Dans la cour de la WASt, un des deux cars
mis gracieusement à notre disposition par la "Bundeswehr".

Une mine d'or pour nous. Mais le filon n'est pas toujours au rendez-vous pour les archivistes. Le classement y est fait dans l'ordre alphabétique des noms de famille. Et certains d'entre nous ne connaissent pas ce nom. Ils n'ont quelquefois que le prénom de leur père, le lieu où il était stationné à telle ou telle époque etc... Les difficultés apparaissent aussi lorsqu'un nom est mal orthographié, lorsque le prénom ou le nom est très commun, ou lorsque le nom est faux.
La fiche donne des informations sur la carrière militaire, le grade, le régiment, les blessures, le lieu et la date de la capture par les forces alliées, le lieu d'emprisonnement, la date de libération, etc...

Le service des soldats décédés possède un fichier de 3 500 000 morts allemands dont 900 000 pour la première guerre mondiale.

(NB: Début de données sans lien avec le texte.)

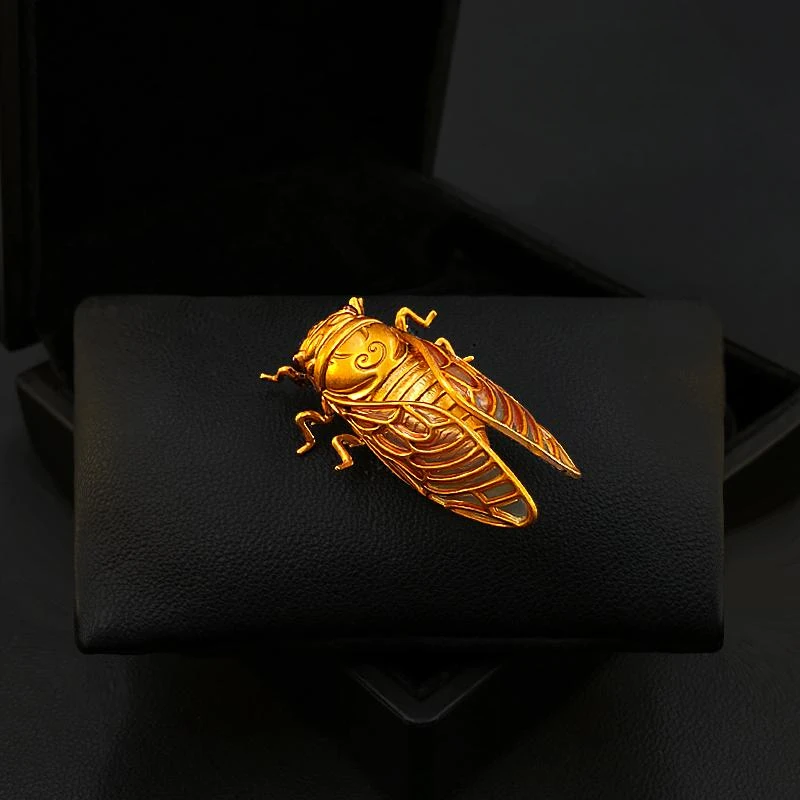 Golden Cicada Brooch with Beau - Women Accessories Meaning recension och pris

Selon la convention de Genève de 1929 les soldats ayant péri dans une guerre sont inhumés sur place. 118 000 lieux sont recensés en Russie où sont inhumés des soldats allemands. Des groupes de recherche se sont constitués dans ce pays. Bientôt la recherche sera mondiale.

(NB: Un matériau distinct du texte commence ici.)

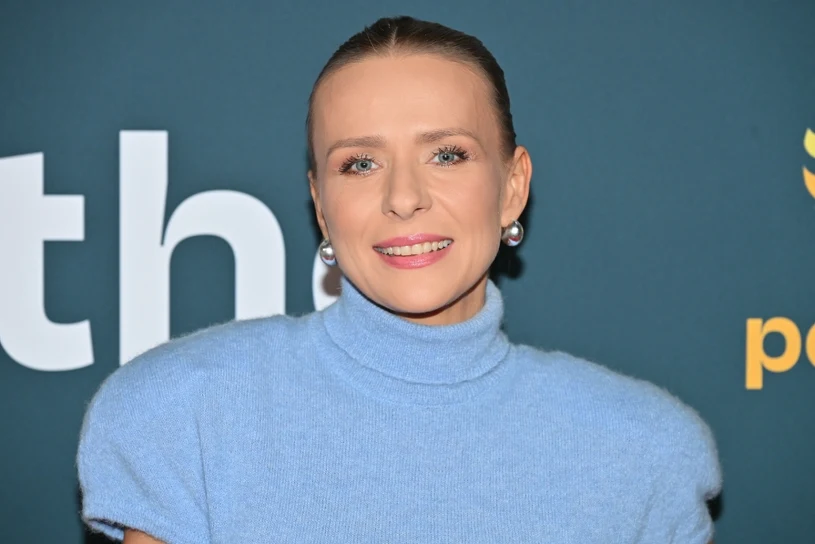 Zjawiła się i wszystkie oczy spoczęły na niej. Trudno w to uwierzyć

Peter Gerhard conclut : "Je vous souhaite une bonne visite de la ville que j'habite et où je suis à l'aise depuis que le mur a disparu...". Quand avant de le quitter nous lui demandons s'il a lu le livre "Enfants maudits" de Jean-Paul Picaper, il nous répond : "Je ne l'ai pas lu, je l'ai mangé !". Cette réponse pleine d'humour s'accorde parfaitement à la passion qu'il manifeste pour son travail.
Nous passons ensuite à la visite proprement dite de la WASt guidés par Marie-Cécile, Jean-Paul et Claudia. Dans une grande salle, nous sommes particulièrement impressionnés par l'ambiance qui se dégage de ces longs couloirs entre d'innombrables rayonnages supportant des centaines voire des milliers de boîtes d'archives. Nous sentons presque la respiration des fantômes qui hantent ces lieux.

Jeanine et Marie-Cécile.

Plus émus encore sommes-nous lorsque dans une salle toute proche nous pouvons voir et même toucher toutes sortes de petits objets à première vue insignifiants : montres, portefeuilles, documents divers, photographies d'un être cher, albums, croix, médailles... objets qui pour nous sont de précieuses reliques. Trésors sans propriétaire retrouvés un peu partout en Europe. Tout ce qui reste d'êtres humains disparus à jamais et dont la fin de l'histoire s'est écrite en lettres de sang.



Personne n'est ressorti indifférent
de cette visite.

Le reste de la journée ainsi que le dimanche sera fort occupé à découvrir la ville de Berlin, confortablement installés dans deux cars grand tourisme mis à notre disposition par l'armée allemande...


Nous visitons tout d'abord le village prussien de Lübars en banlieue nord de Berlin où est érigé un monument aux morts de la "Bataille de Berlin (avril et mai 1945)". L'une d'entre nous ramasse au pied d'un arbre un peu de terre du pays de son père...

Monument aux morts de la "Bataille de Berlin".

Puis nous nous rendons pour pique-niquer à Schildow en ex-RDA à l'Hotel-Restaurant "Normandie" tenu par un Français.


Nous revenons l'après-midi à Berlin pour visiter le quartier entourant la place de Potsdam et nous passons devant le célèbre Check Point Charlie.

Check Point Charlie.

Check Point Charlie.

Le dimanche matin nous faisons l'ascension (en ascenseur) de la tour de la télévision de Berlin-Est qui nous est offerte grâce aux relations de Claudia.

La Tour de télévision.

Base de la Tour de télévision.

De là-haut nous découvrons bien sûr toute la ville par les informations que nous donne Jean-Paul. Après quoi nous visitons le plus long vestige du mur de Berlin, surnommé la "East Side Gallery".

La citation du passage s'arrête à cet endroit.